If an int was bigger than a register, then simple arithmetic operations would require more than one instruction, which would be costly. If they were smaller than a register, then loading and storing the values of a register would require the program to mask out the unused bits, to avoid overwriting other data. (That is why the int datatype is typically more efficient than short.)
(Some languages simply require an int to be 32-bit, in which case there is obviously no relation to register size --- other than that 32-bit is chosen because it is a common register size)
Going strictly by the standard, there is no guarantee as to how big/small an int is, much less any relation to the register size. Also, some architectures have different sizes of registers (i.e: not all registers on the CPU are the same size) and memory isn't always accessed using just one register (like DOS with its Segment:Offset addressing).
With all that said, however, in most cases int is the same size as the "regular" registers since it's supposed to be the most commonly used basic type and that's what CPUs are optimized to operate on.
AFAIK, there is no direct link between register size and the size of int.

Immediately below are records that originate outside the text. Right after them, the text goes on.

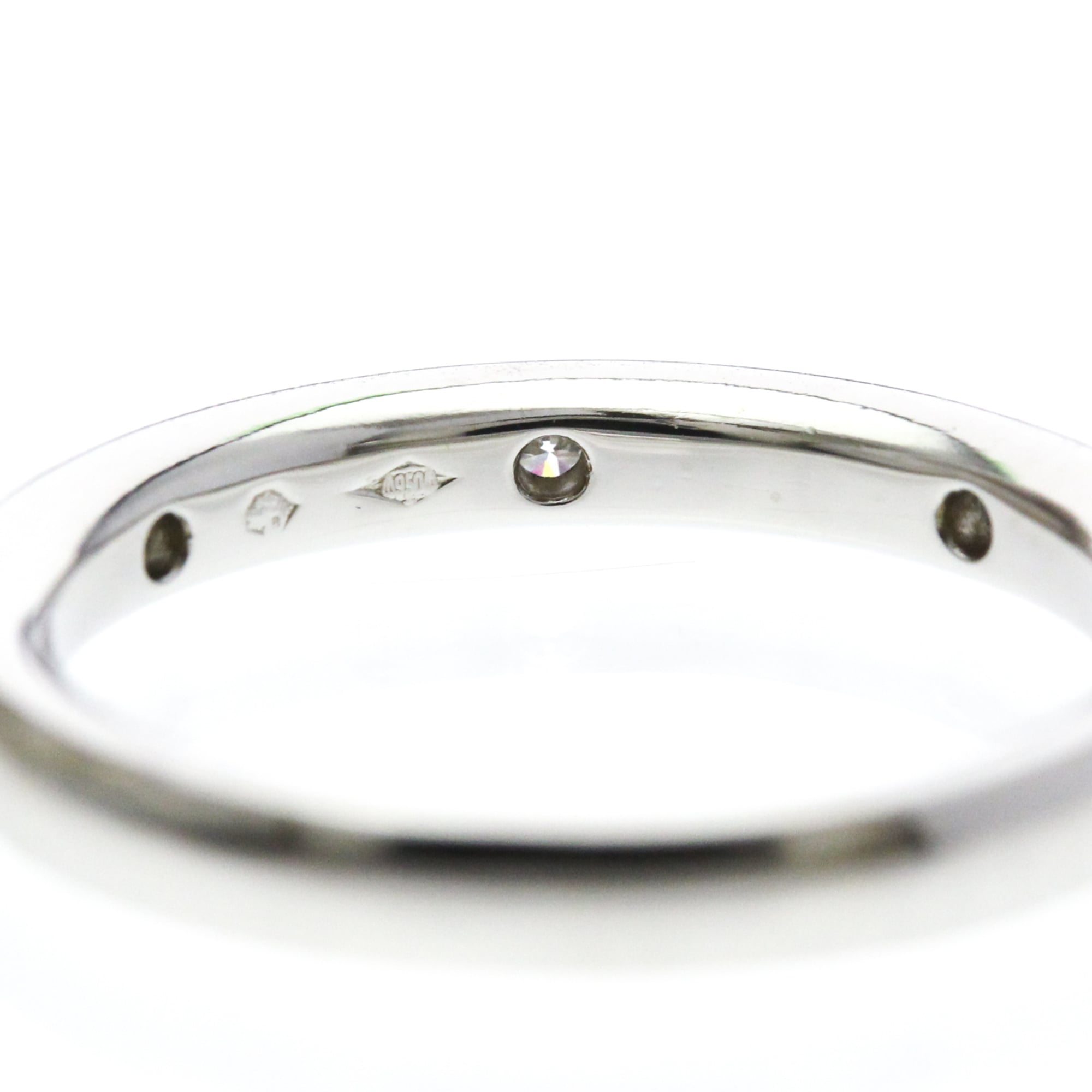 Van Cleef & Arpels Tendrement Wedding Band Platinum Silver Platinum Ring Jewelry (Pre-Owned)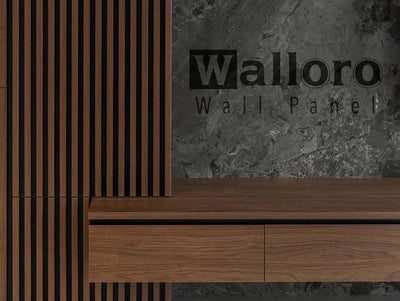 Gray Black Wall Panel, PS Wall Home Decoration Panel-Premium Quality - Walloro High End Wallcoverings & More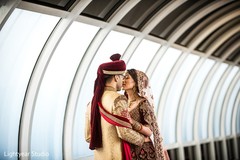 Beautiful Indian bride and groom first look. indian bride and groom,first look,indian wedding photography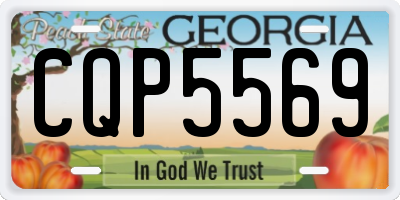 GA license plate CQP5569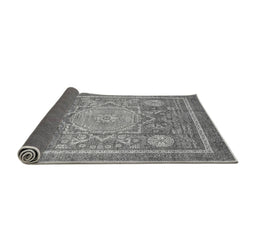 Sideview of Abstract Gray Modern Rug, abs3636gry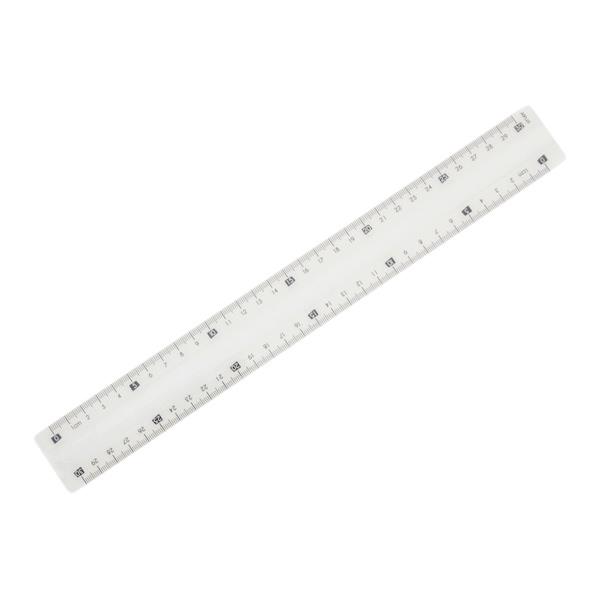 MAPED STUDY 30cm UNBREAKABLE RUKER - TRANSLUCENT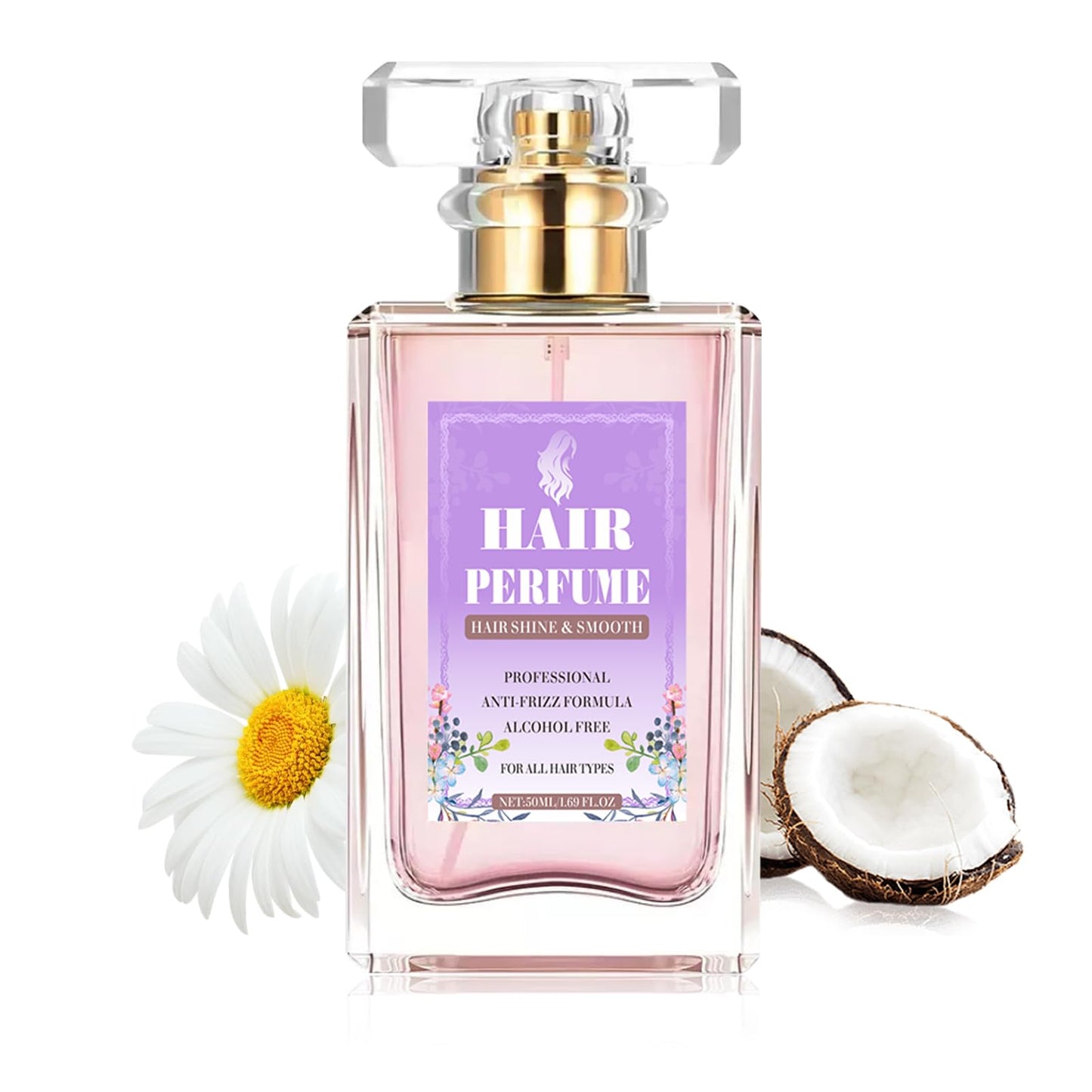 Onilyua Hair Perfume for Women, Long-Lasting Pheromone Floral Hair Perfume Spray for Hair & Body, Honey Infused Chamomile Nourish & Hydrate Hair Portable Perfume Mist Gift 1.69 fl.oz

However, since you know for which platform you're compiling the application, you can define your own type alias with the sizes you need:
Example
#ifdef WIN32 // Types for Win32 target
#define Int16 short
#define Int32 int
// .. etc.
#elif defined // for another target
Then, use the declared aliases.
I am not totally aware, if I understand this correct, since some different problems (memory sizes, allocation, register sizes, performance?) are mixed here.
What I could say is (just taking the headline), that on most actual processors for maximum speed you should use integers that match register size. The reason is, that when using smaller integers, you have the advantage of needing less memory, but for example on the x86 architecture, an additional command for conversion is needed. Also on Intel you have the problem, that accesses to unaligned (mostly on register-sized boundaries) memory will give some penality. Off course, on todays processors things are even more complex, since the CPUs are able to process commands in parallel. So you end up fine tuning for some architecture.
So the best guess -- without knowing the architectore -- speeedwise is, to use register sized ints, as long you can afford the memory.
I don't have a copy of the standard, but my old copy of The C Programming Language says (section 2.2) int refers to "an integer, typically reflecting the natural size of integers on the host machine." My copy of The C++ Programming Language says (section 4.6) "the int type is supposed to be chosen to be the most suitable for holding and manipulating integers on a given computer."
You're not the only person to say "I'll admit that this is technically a flaw, but it's not really exploitable."
There are different kinds of registers with different sizes. What's important are the address registers, not the general purpose ones. If the machine is 64-bit, then the address registers (or some combination of them) must be 64-bits, even if the general-purpose registers are 32-bit. In this case, the compiler may have to do some extra work to actually compute 64-bit addresses using multiple general purpose registers.
If you don't think that hardware manufacturers ever make odd design choices for their registers, then you probably never had to deal with the original 8086 "real mode" addressing.